Exercise:
Return, character for character, the lines from the one bearing "2022-08-30 - Edin" through the end of the material. Omit everything before that line.
[Start of Attachment]
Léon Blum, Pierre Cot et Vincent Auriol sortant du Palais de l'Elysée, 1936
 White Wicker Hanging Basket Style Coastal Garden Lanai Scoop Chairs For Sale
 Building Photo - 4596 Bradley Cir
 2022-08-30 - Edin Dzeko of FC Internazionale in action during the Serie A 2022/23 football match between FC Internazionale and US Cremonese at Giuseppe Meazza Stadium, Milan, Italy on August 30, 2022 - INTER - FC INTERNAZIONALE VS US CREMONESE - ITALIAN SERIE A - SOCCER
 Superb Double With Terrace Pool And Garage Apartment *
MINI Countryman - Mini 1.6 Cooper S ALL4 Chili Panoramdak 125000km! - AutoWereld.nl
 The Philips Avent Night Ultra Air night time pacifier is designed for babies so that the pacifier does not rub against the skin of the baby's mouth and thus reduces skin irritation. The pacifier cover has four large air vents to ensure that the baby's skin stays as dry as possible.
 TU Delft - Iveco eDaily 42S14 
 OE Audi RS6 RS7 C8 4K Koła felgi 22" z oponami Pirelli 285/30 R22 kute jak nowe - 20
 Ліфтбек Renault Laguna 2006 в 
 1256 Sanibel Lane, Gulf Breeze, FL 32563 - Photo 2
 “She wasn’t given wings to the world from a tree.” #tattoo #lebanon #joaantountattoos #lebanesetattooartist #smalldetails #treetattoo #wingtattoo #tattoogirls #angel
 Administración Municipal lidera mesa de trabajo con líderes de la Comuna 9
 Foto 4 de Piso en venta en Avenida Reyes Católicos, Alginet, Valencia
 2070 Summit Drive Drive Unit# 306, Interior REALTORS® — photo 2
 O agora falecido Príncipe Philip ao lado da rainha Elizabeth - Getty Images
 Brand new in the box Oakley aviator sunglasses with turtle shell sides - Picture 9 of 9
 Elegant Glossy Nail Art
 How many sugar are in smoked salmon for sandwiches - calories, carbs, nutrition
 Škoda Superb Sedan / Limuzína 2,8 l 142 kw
[End of Attachment]
Solution to the exercise:
 2022-08-30 - Edin Dzeko of FC Internazionale in action during the Serie A 2022/23 football match between FC Internazionale and US Cremonese at Giuseppe Meazza Stadium, Milan, Italy on August 30, 2022 - INTER - FC INTERNAZIONALE VS US CREMONESE - ITALIAN SERIE A - SOCCER
 Superb Double With Terrace Pool And Garage Apartment *
MINI Countryman - Mini 1.6 Cooper S ALL4 Chili Panoramdak 125000km! - AutoWereld.nl
 The Philips Avent Night Ultra Air night time pacifier is designed for babies so that the pacifier does not rub against the skin of the baby's mouth and thus reduces skin irritation. The pacifier cover has four large air vents to ensure that the baby's skin stays as dry as possible.
 TU Delft - Iveco eDaily 42S14 
 OE Audi RS6 RS7 C8 4K Koła felgi 22" z oponami Pirelli 285/30 R22 kute jak nowe - 20
 Ліфтбек Renault Laguna 2006 в 
 1256 Sanibel Lane, Gulf Breeze, FL 32563 - Photo 2
 “She wasn’t given wings to the world from a tree.” #tattoo #lebanon #joaantountattoos #lebanesetattooartist #smalldetails #treetattoo #wingtattoo #tattoogirls #angel
 Administración Municipal lidera mesa de trabajo con líderes de la Comuna 9
 Foto 4 de Piso en venta en Avenida Reyes Católicos, Alginet, Valencia
 2070 Summit Drive Drive Unit# 306, Interior REALTORS® — photo 2
 O agora falecido Príncipe Philip ao lado da rainha Elizabeth - Getty Images
 Brand new in the box Oakley aviator sunglasses with turtle shell sides - Picture 9 of 9
 Elegant Glossy Nail Art
 How many sugar are in smoked salmon for sandwiches - calories, carbs, nutrition
 Škoda Superb Sedan / Limuzína 2,8 l 142 kw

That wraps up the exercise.